New Group Aims to Develop Standards Using AI to Improve Data Compression

(Image credit: MPAI)

GENEVA, Switzerland—A new group tasked with using artificial intelligence to improve the efficiency of data compression was announced here on Sept 30. Several forces were behind the establishment of the international non-profit “Moving Picture, Audio and Data Coding by Artificial Intelligence” (MPAI) organization.

One driving force is the need to have an organization responsive to industry needs with the mission to develop data coding standards for a range of applications with AI as its core enabling technology. In the past, the sheer reduction of the amount of data—i.e. compression—has been the success factor for a variety of businesses that range from broadcasting to telecommunications, broadcasting, IT and related industries.

In response to the demand for more compression, MPAI plans to develop AI-enabled standards that further improve the coding efficiency of data types that have already benefited from compression and bring the benefits of coding to new data types.
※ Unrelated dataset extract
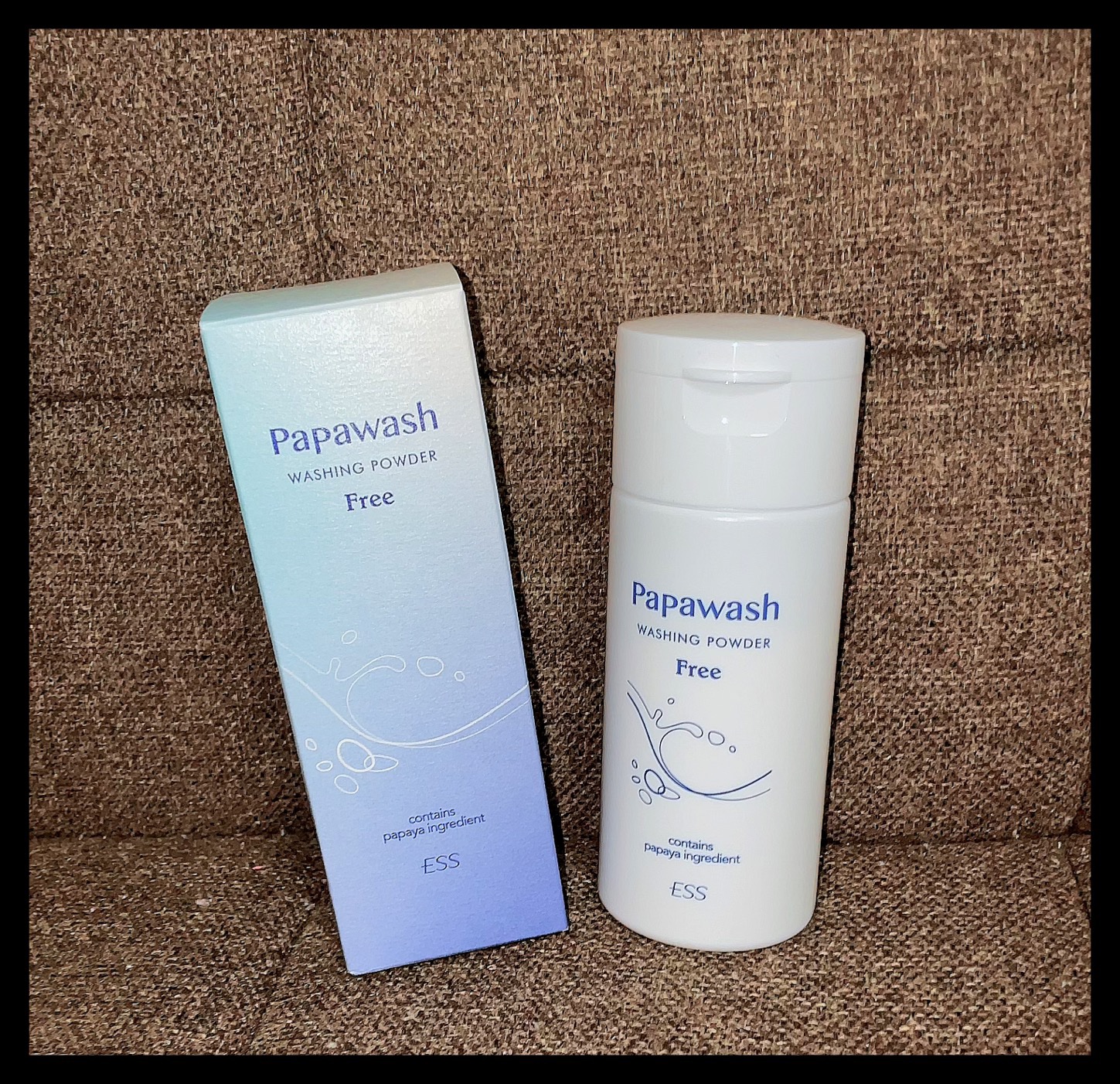 パパウォッシュ フリー/パパウォッシュ/洗顔パウダーを使ったクチコミ（1枚目）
An example of AI-enabled coding is to “bring out” aspects of the data semantics relevant to an application.

The second driving force is the need to overcome the limitations of the Fair, Reasonable and Non-Discriminatory (FRAND) licensing declarations, a burning issue for many standard developing organizations and their industries. MPAI plans to address this problem by developing, for each MPAI standard, a “framework license,” (i.e. the business model), without values, dates and percentages, that standard essential patent (SEP) holders intend to use to monetize their patents, eventually adopted in the standard.

USE CASES

Immediately after the announcement of MPAI’s creation last summer, a group of industry colleagues collaborated to create a set of use cases. One project that is quickly taking shape is Context-based Audio Enhancement (MPAI-CAE), designed to improve the user experience for a variety of uses such as entertainment, communication, teleconferencing, gaming, post-production, restoration etc., in a variety of contexts such as in the home, in the car, on-the-go, in the studio etc.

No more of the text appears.